The rise and fall of Bordeaux
This year’s Bordeaux en primeur season is getting under way – but do wine drinkers care any more? Plus: what I've been drinking this week
NEXT week upwards of 5,000 wine buyers and critics will descend on Bordeaux for the first big en primeur tastings of the 2023 vintage. It is a ritual as confusing to outsiders as it is annoying to many critics. But there are signs that this year, the system may be at crisis point. That says something of wider importance about the wine world’s journey over the past 20 years.
First, an explainer for non-wine geeks. If you buy en primeur – other wine regions sell in this way too – you’re ordering at least a year ahead of the wine actually being shipped. You pay up front, minus the taxes, which you pay the following year once the wine has arrived in your country.
The advantage for producers is clear: en primeur sales improve their cash flow, bringing in money at a point when a vintage will still be tied up in their cellars for another year or more. For wine drinkers, it’s a chance to secure sought-after bottles early before they sell out.
For example, I regularly buy Rhône wines en primeur from the Wine Society. Each year they offer around 150 wines, mostly from smaller producers, already bottled but not yet ready to drink. This February they offered wines from the 2022 vintage, which will mostly be delivered in spring 2025. A few of these will be offered later on the Society’s normal list – but most won’t.
Bordeaux is different: the wine is shown very early, in the Spring after harvest, when it still isn’t finished, let alone bottled. First offered in 1982 in this way, this means that critics taste only barrel samples offering indicative blends. Red Bordeaux wines generally evolve in a more predictable way than, say, red Burgundies. Still, even for expert tasters, if you’re being offered an unfinished “cuvée des journalistes” from one of the better barrels, predicting what the wines will taste like on someone’s dinner table in a decade is a guess.

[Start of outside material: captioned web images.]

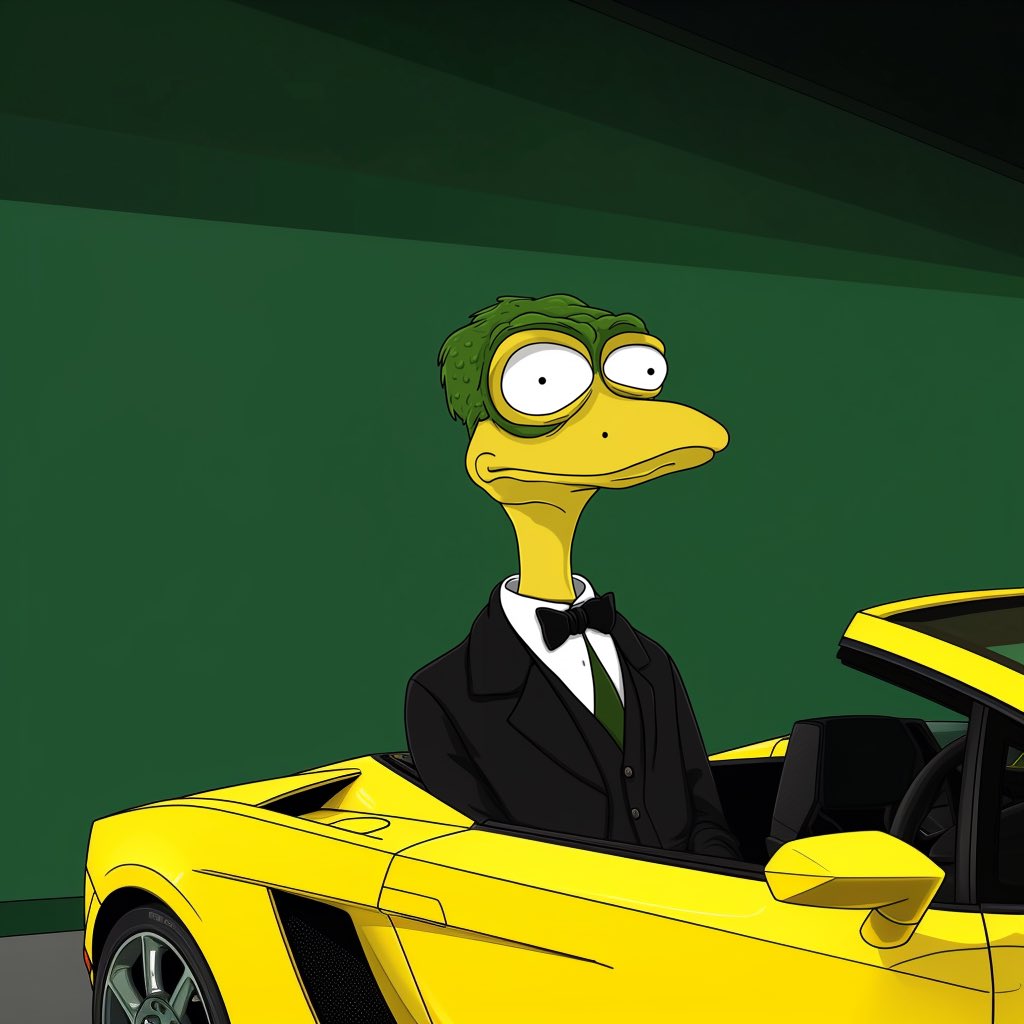 TheDuckisDew's tweet photo. When you bought the Lambo but your coin got sniped and you just sitting in the driveway like… https://t.co/JaIKTQBKhk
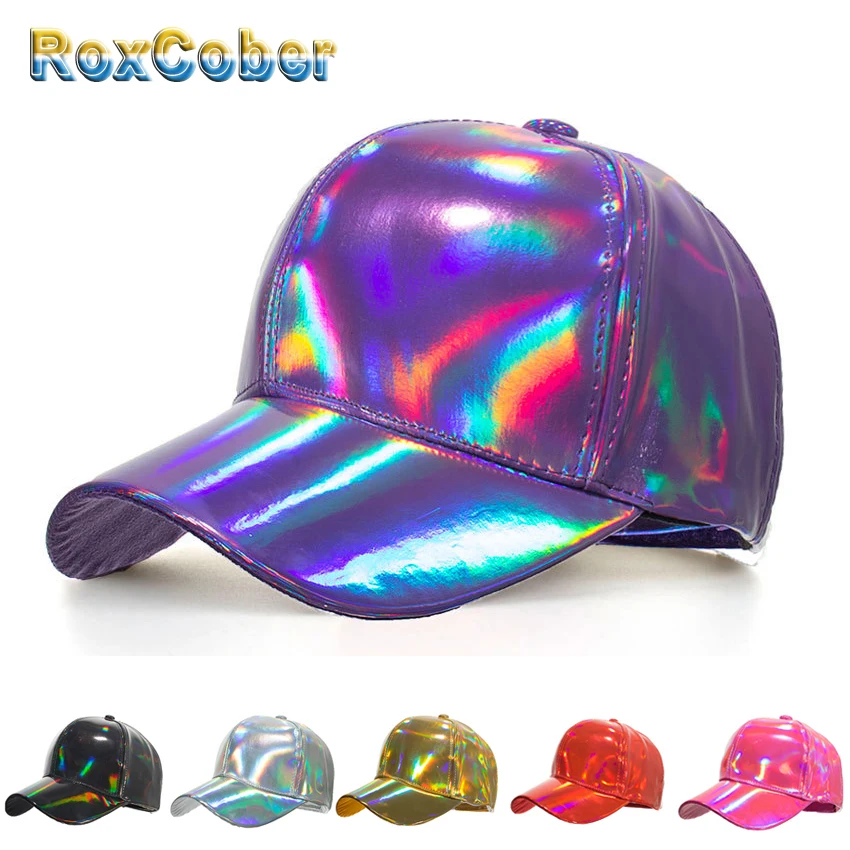 Модная однотонная бейсболка RoxCober из искусственной кожи с лазерным рисунком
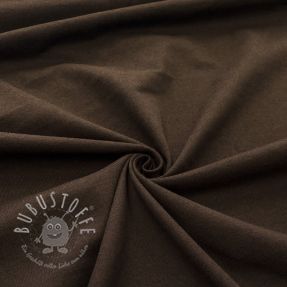 Jersey baumwoll dark mocha
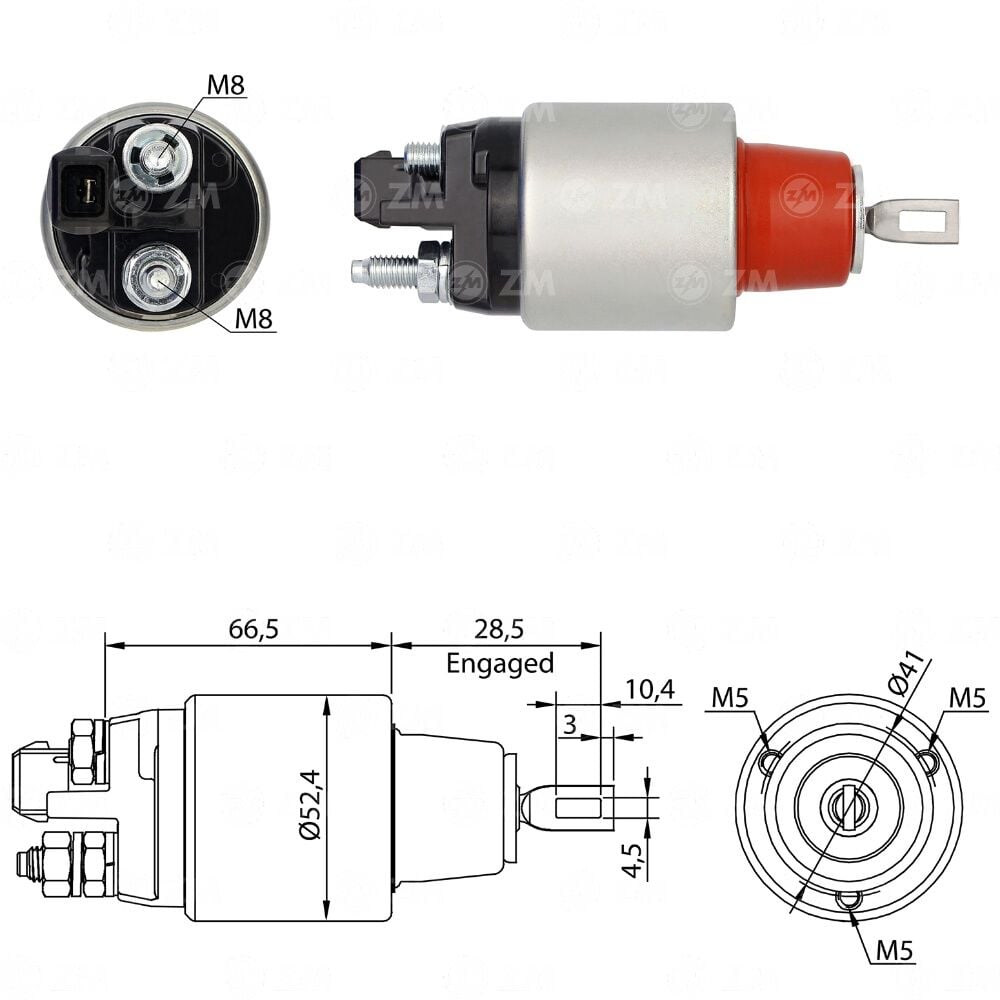 ZM 1382 Marş Otomatiği 12V BMW 1-3-4 Serisi - X1 - X3 - Z4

That is one reason why there has been a growing chorus of criticism of the Bordeaux en primeur system from wine critics and UK merchants. The other reason is soaring prices.
Bordeaux is easily the largest source of fine wine on Earth: there is a lot of money at stake. When the celebrated US wine critic Robert Parker famously called the 1982 vintage as a great one, he put rocket boosters under international demand for high-end claret. In the 1980s and 90s, Parker’s scores out of 100 came to be the international standard – and a market mover in Bordeaux. High Parker points – over a 95 – would guarantee huge demand from Europe, the US and Japan.
In the same period, Bordeaux also started to experience the effects of climate change: the poor years became rarer. Meanwhile, prices drove investment in new wineries and techniques. Catastrophic vintages such as 1956, 1963 or 1972 are now more-or-less a thing of the past. Even in a terrible year like 2013, top-flight châteaux make good wines, albeit for earlier drinking.
And with the stellar 2009 and 2010 vintages came a huge influx of Chinese money. The Liv-Ex wine exchange says that for the 2009 vintage, the top 20 UK merchants – the British wine trade is the biggest market for en primeur – took over £200 million in sales.
There is great anticipation in the wine world every April about the new release prices. Every year, critics and merchants say that the price hikes just can’t continue – and almost every year, they do, despite the fact that most of the Chinese long since pulled out of the market.
Thus in last year’s en primeur “campaign”, producers put up prices for the (excellent) 2022 vintage by an average 15 per cent on 2021. St-Emilion star Château Angélus was up almost 38 per cent, offered by the international trade at £358 a bottle or £4,296 for a case of 12 (meaning over £432/bottle after UK taxes.) Margaux star Château Palmer hiked its release price by more than 25 per cent. Indeed many top 2022s cost more at that point than ready-to-drink, decent vintages such as 2016.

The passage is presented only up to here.